Lo que quizás nadie repara acerca del cuento de Andersen es que, paralelamente, darse cuenta de la desnudez del emperador viene de un evento que hoy sería calificado como bullying. Reírse de una persona desnuda, y que no sabe que lo está, puede parecer chistoso al comienzo, pero resulta doloroso y triste, al final.

Porque, convengamos: el emperador no puede darse cuenta de su desnudez. Está convencido de que está bellamente vestido y obliga al resto a estar igual de convencidos.

La violencia real y simbólica que utilizó Rafael Correa durante su mandato, produjo una violencia similar en sentido contrario. Pero ninguna de las dos formas de violencia son sanas para el proceso de reconstrucción de las relaciones institucionales, políticas y ciudadanas que necesita el país.

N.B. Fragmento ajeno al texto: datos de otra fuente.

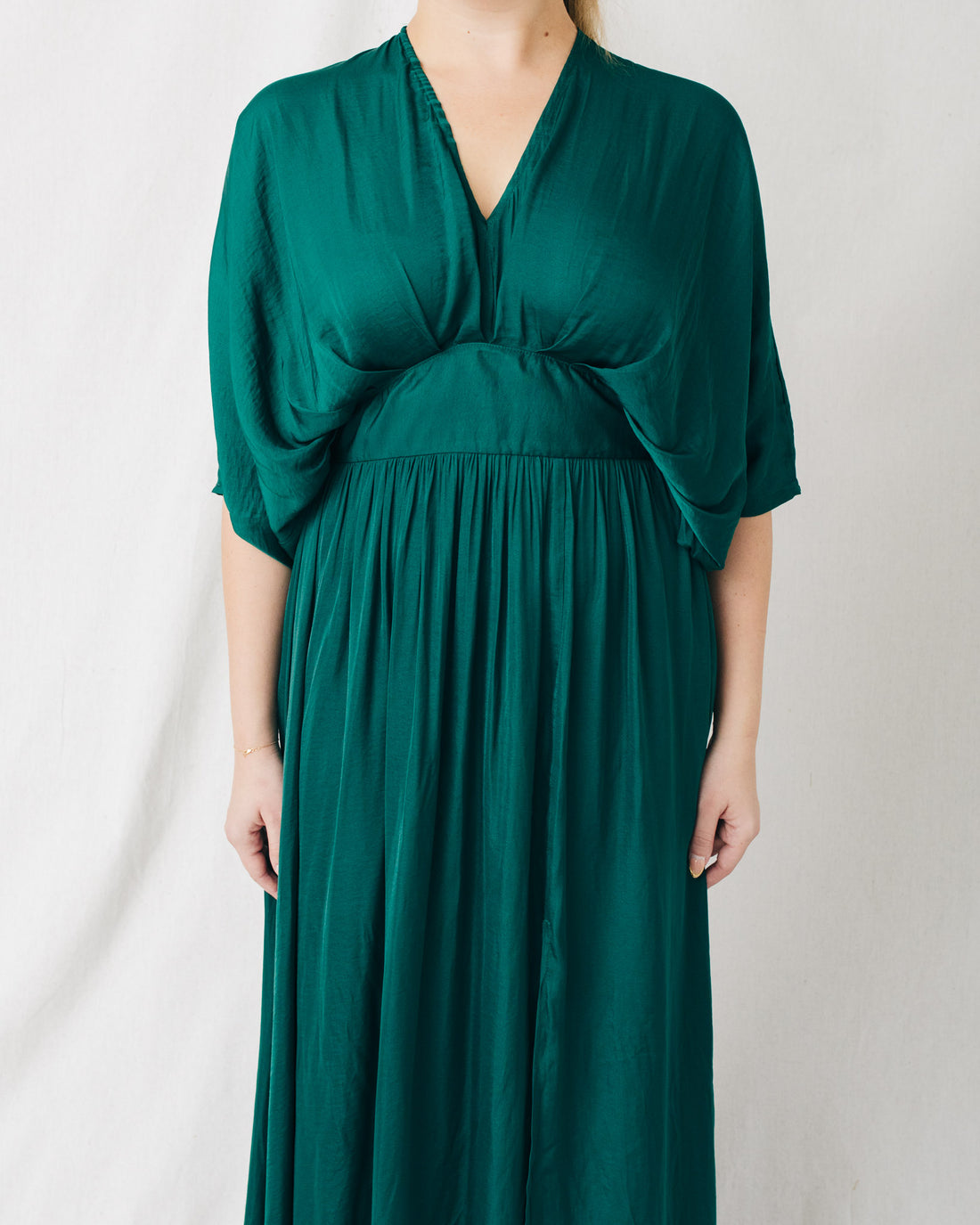 Neela Kimono Sleeve Elastic Back Waist Maxi Dress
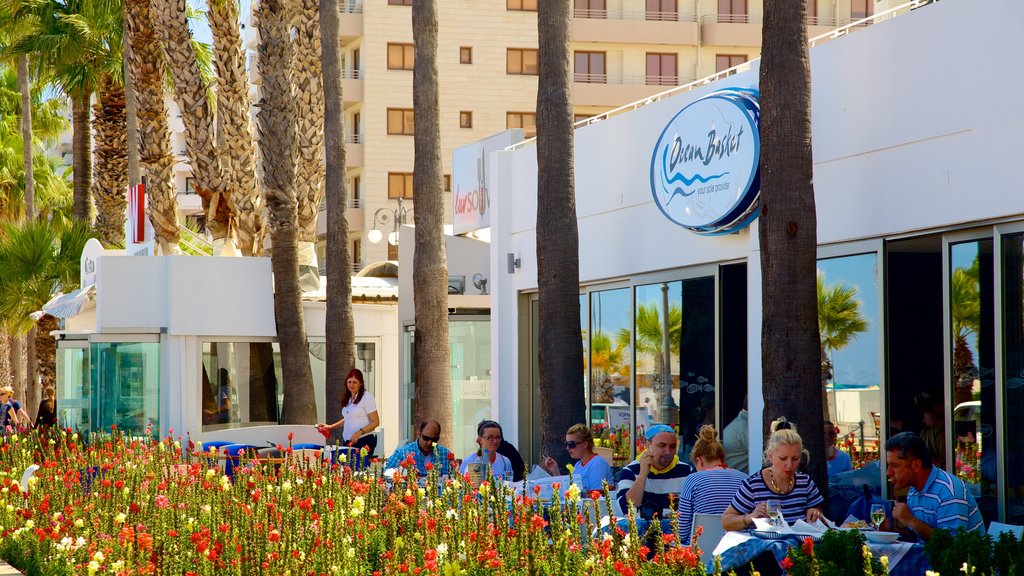 Finikoudes Beach featuring street scenes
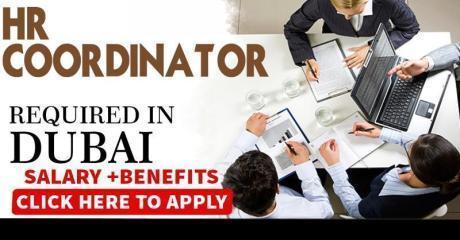 Human Resources Coordinator Required in Dubai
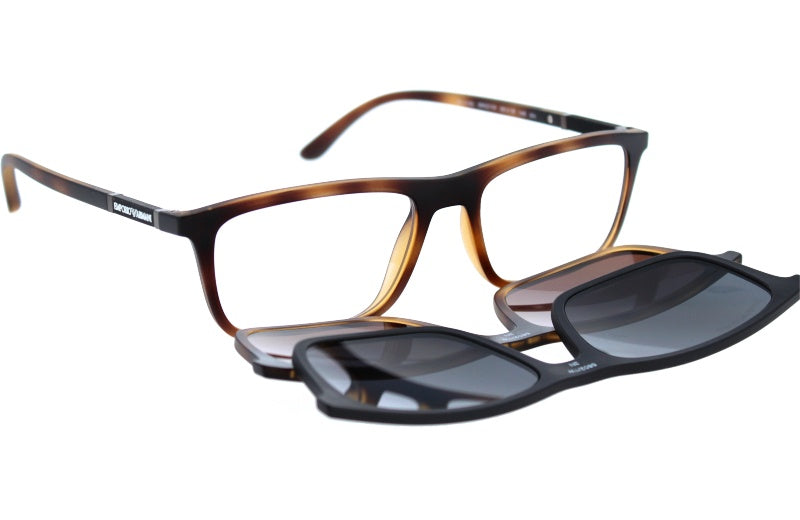 Buy Emporio Armani Men's Ea4115c Clip-on Sunglasses for Rectangular  Prescription Eyewear Frames Online at desertcartINDIA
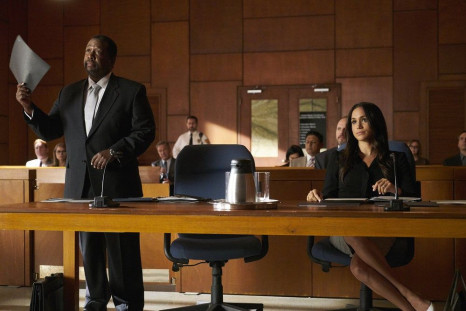 Wendell Pierce and Meghan Markle as Robert Zane and Rachel Zane in "Suits"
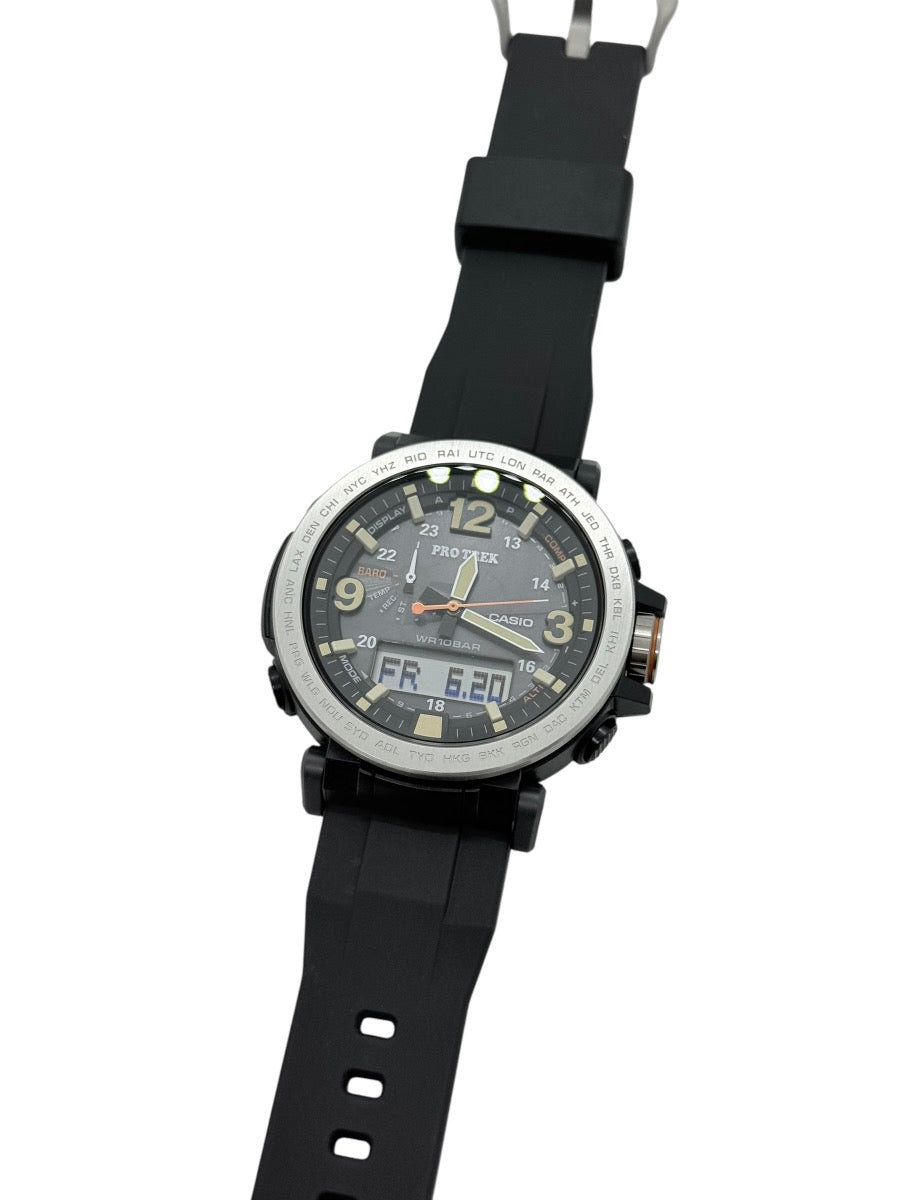 Casio Pro Trek Men's Tough Solar Triple Sensor Watch PRG-600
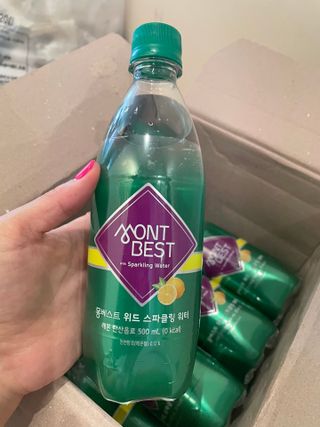 몽베스트 Montbest with Sparkling water Lemon OR Lime 20병(랜덤) — 5점을 준 리뷰어가 2022년 8월 올린 사용 사진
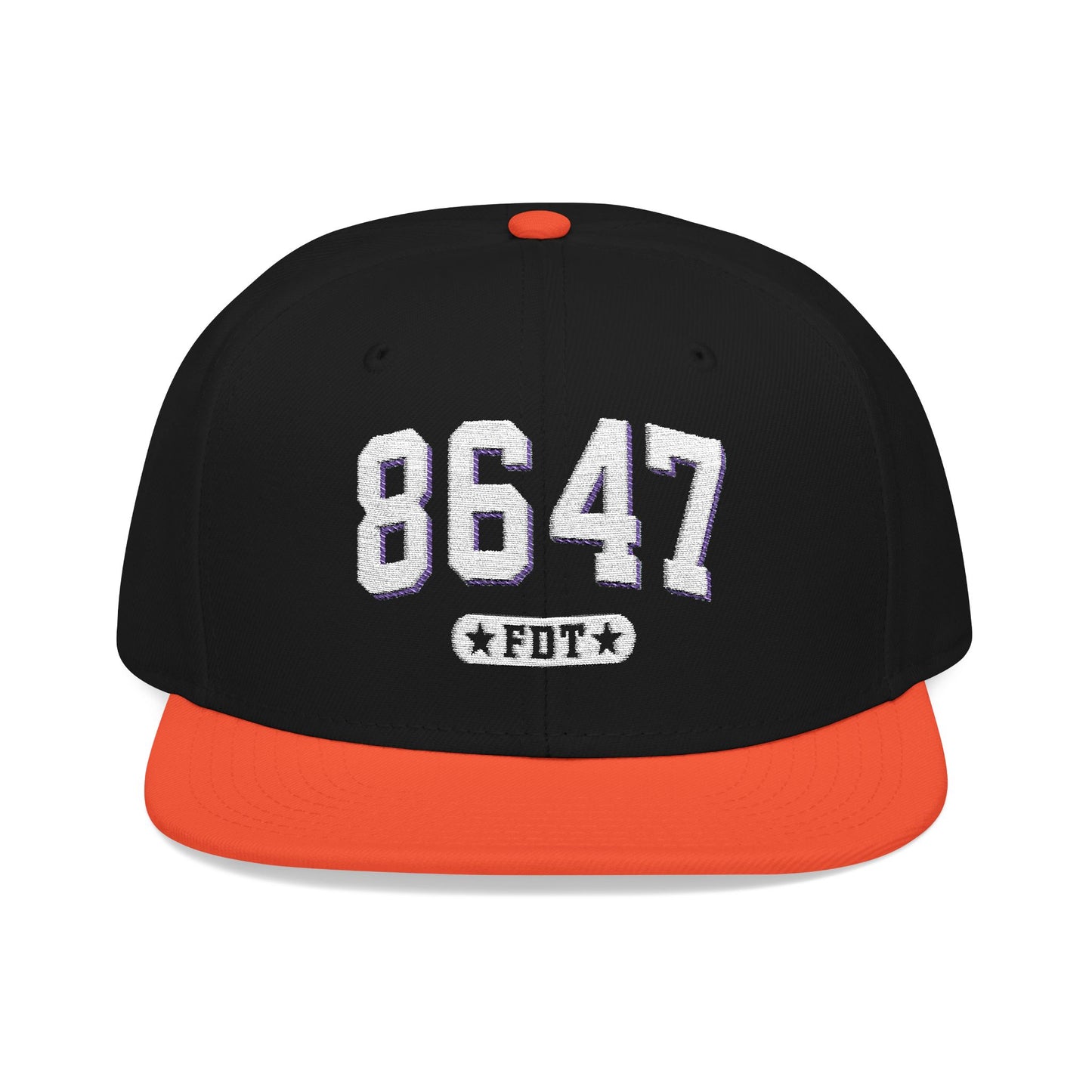 8647 FDT Snapback Cap, Embroidered Baseball Hat, Trendy Street Style, Gift for Political Enthusiasts, Unisex Fashion Headwear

Un final necesario para el cuento es que alguien, con una manta o un abrigo, se acerque y le diga al rey que está desnudo y lo lleve a un lugar donde pueda vestirse, para evitar el ridículo. El equivalente, en el caso de nuestro país, es no repetir el lenguaje ni las acciones que el correísmo implantó para defender la majestad de su poder.

Y, a pesar de lo difícil que parezca, llamar a Rafael Correa y a los suyos a mirar el daño que provocaron, e invitarlos a hacer los esfuerzos necesarios para no repetirlo. Quizás ahora —que tienen mucho menos poder— tengan más posibilidad de verse tal como quedaron.